Warszawa: Strażnik miejski zgwałcił 14-letnią pasierbicę

2010-08-27 12:30

Co w niego wstąpiło, że targnął się na niewinność 14-letniego dziecka?! Piotr B. (28 l.), stołeczny strażnik miejski, najpierw upił, a potem zgwałcił swoją pasierbicę. Odurzona alkoholem Ania (14 l.) nawet nie wiedziała, co się z nią dzieje. Po wszystkim jednak dręczony wyrzutami sumienia mężczyzna nie wytrzymał i wyznał straszną prawdę swojej żonie.

Jakim trzeba być człowiekiem, żeby zrobić coś tak potwornego dziecku?! Tego feralnego wieczoru Piotr B. został ze swoją pasierbicą sam w domu.

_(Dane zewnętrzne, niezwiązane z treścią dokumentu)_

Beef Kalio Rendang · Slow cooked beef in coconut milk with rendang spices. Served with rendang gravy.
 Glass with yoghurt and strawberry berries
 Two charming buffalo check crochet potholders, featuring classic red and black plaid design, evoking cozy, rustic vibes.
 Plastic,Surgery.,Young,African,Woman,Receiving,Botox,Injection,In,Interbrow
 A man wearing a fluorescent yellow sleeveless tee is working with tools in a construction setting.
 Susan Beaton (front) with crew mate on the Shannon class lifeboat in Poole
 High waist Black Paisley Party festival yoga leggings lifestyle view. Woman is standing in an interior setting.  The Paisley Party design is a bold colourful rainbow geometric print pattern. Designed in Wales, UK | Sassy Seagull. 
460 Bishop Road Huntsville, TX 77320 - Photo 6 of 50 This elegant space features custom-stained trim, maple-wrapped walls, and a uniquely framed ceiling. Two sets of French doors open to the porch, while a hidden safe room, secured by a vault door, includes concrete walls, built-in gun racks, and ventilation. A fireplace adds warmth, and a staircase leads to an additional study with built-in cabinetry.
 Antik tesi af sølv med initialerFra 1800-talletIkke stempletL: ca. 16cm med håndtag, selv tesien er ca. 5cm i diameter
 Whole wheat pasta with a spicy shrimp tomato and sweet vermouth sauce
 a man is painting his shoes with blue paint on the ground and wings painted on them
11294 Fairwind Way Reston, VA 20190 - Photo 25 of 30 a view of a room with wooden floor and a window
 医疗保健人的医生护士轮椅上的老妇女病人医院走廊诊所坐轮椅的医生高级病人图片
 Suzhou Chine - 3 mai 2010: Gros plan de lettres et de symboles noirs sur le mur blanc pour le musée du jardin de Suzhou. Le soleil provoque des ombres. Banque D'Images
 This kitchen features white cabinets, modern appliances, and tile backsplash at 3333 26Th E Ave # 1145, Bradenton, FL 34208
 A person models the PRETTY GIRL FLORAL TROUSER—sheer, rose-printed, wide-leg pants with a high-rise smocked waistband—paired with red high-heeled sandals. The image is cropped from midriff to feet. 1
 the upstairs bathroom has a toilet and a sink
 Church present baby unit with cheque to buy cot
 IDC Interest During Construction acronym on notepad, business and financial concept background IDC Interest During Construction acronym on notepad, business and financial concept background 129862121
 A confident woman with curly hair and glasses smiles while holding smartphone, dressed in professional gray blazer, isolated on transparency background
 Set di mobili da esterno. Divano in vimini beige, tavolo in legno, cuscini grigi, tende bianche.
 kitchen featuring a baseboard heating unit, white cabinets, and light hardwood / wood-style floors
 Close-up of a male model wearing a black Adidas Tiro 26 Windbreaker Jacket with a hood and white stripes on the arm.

Mężczyzna pił alkohol i postanowił poczęstować nim dziecko. Po kilku kieliszkach Ania straciła przytomność.

Nie wiadomo, czy zboczeniec wcześniej wszystko zaplanował, czy też ten diabelski pomysł zrodził się w jego głowie nagle. Podszedł do odurzonej wódką, nieprzytomnej dziewczyny, rozebrał ją i zaspokoił swoje chore żądze. Ania nawet nie zorientowała się, co się stało. Dopiero następnego ranka, gdy Piotr B. obudził się przy żonie, sumienie zmusiło go do wyznania tego, co zrobił. - Zgwałciłem twoją córkę - powiedział.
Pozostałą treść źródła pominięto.